REQUIRED ACTION → Your answer is to be the exact text of the lines from the one containing "Naugatuck, Connecticut 2015" through the final line of the entries, restated in full, with pictures omitted.

Records from a collection →
┌──

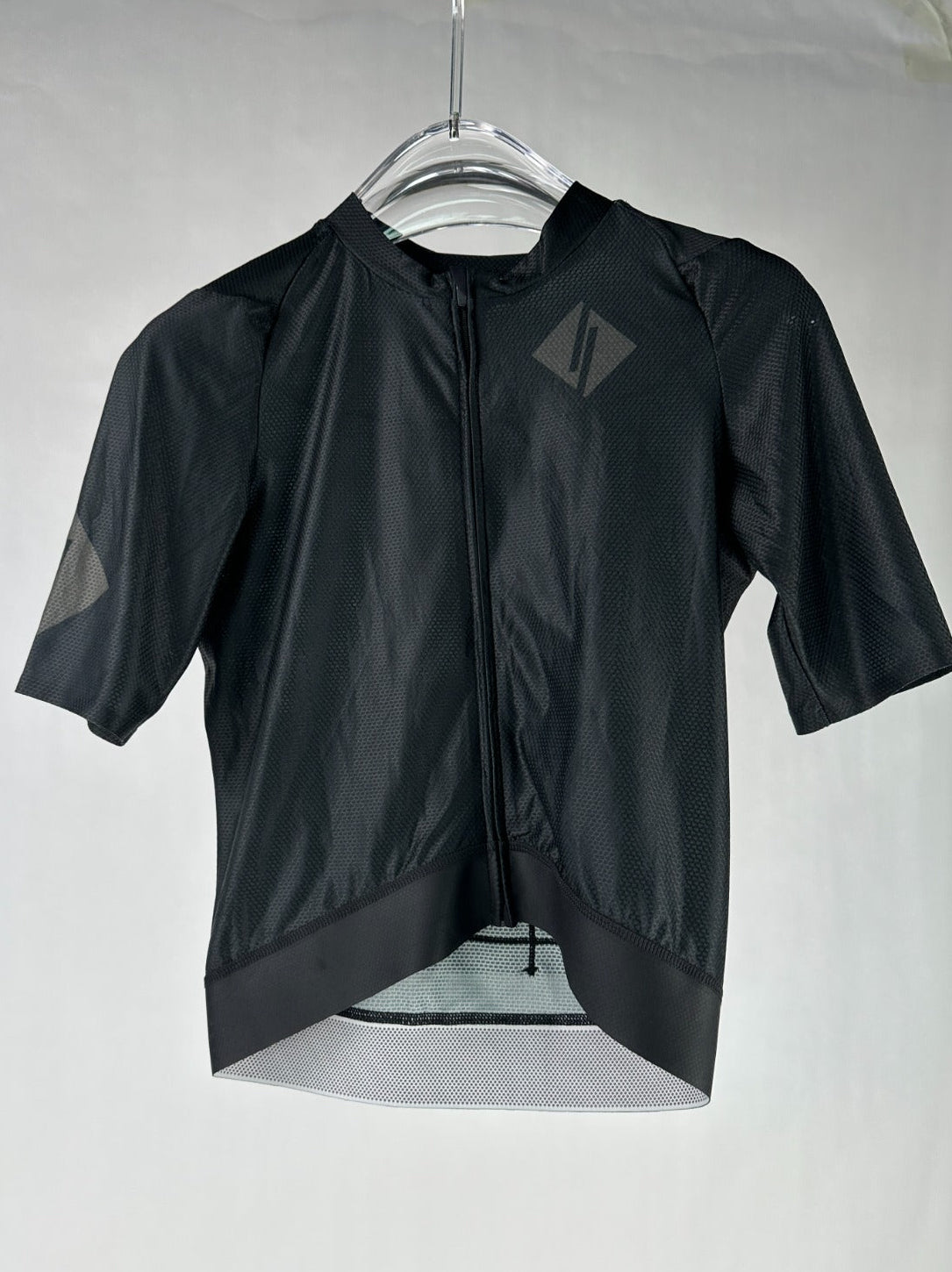 Jersey Strive/ Black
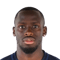 Souleymane Karamoko FIFA 18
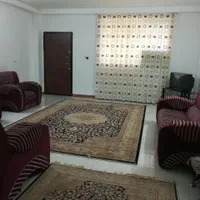 اجاره روزانه/هفتگی/ماهانه آپارتمان ۸۵ متری|اجارهٔ کوتاه‌مدت آپارتمان و سوئیت|قائم‌شهر, |دیوار
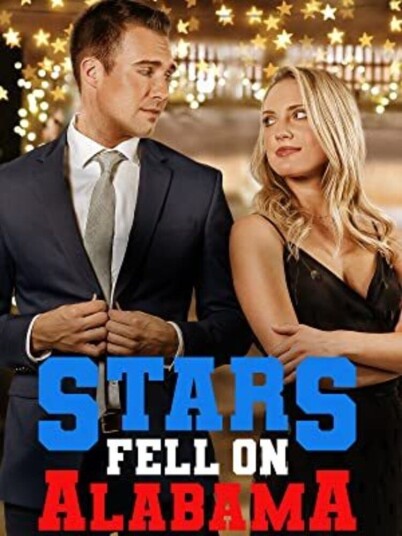 Stars Fell On Alabama DVD Stars Fell On Alabama DVD
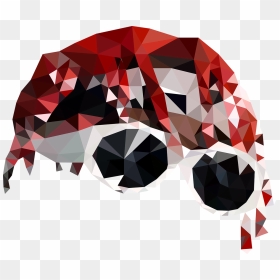 Save To Collection - Download, HD Png Download - lil pump png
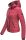 Navahoo Kimuk Damen Steppjacke B348 Barry Größe S - Gr. 36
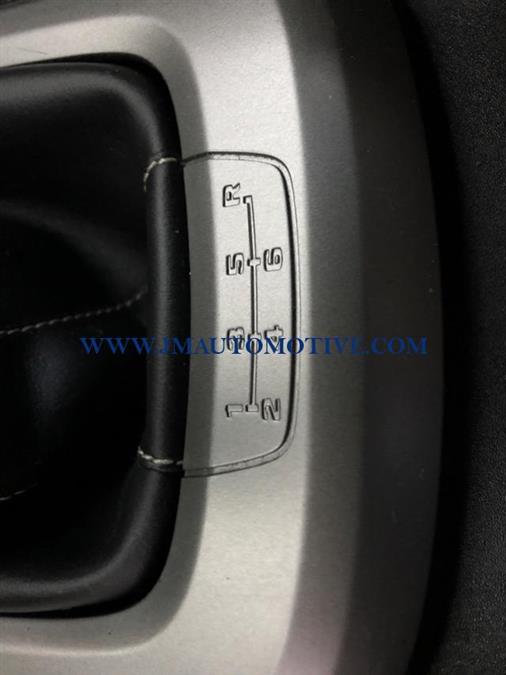 2015 Chevrolet Camaro 2dr Cpe SS w/2SS, available for sale in Naugatuck, Connecticut | J&M Automotive Sls&Svc LLC. Naugatuck, Connecticut 2015 Chevrolet Camaro 2dr Cpe SS w/2SS, available for sale in Naugatuck, Connecticut | J&M Automotive Sls&Svc LLC. Naugatuck, Connecticut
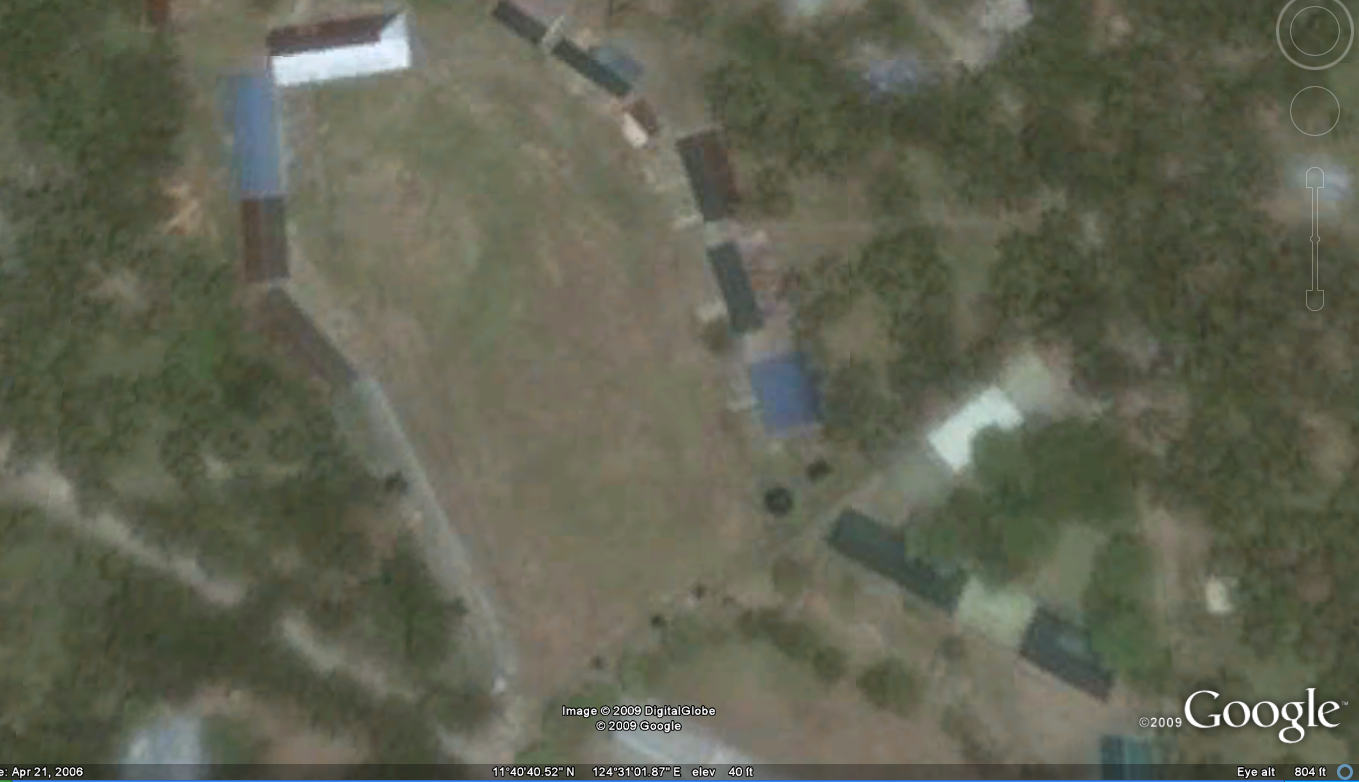 Bool Elementary School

└──

THE COMPLETED TASK →
 2015 Chevrolet Camaro 2dr Cpe SS w/2SS, available for sale in Naugatuck, Connecticut | J&M Automotive Sls&Svc LLC. Naugatuck, Connecticut 2015 Chevrolet Camaro 2dr Cpe SS w/2SS, available for sale in Naugatuck, Connecticut | J&M Automotive Sls&Svc LLC. Naugatuck, Connecticut
 Bool Elementary School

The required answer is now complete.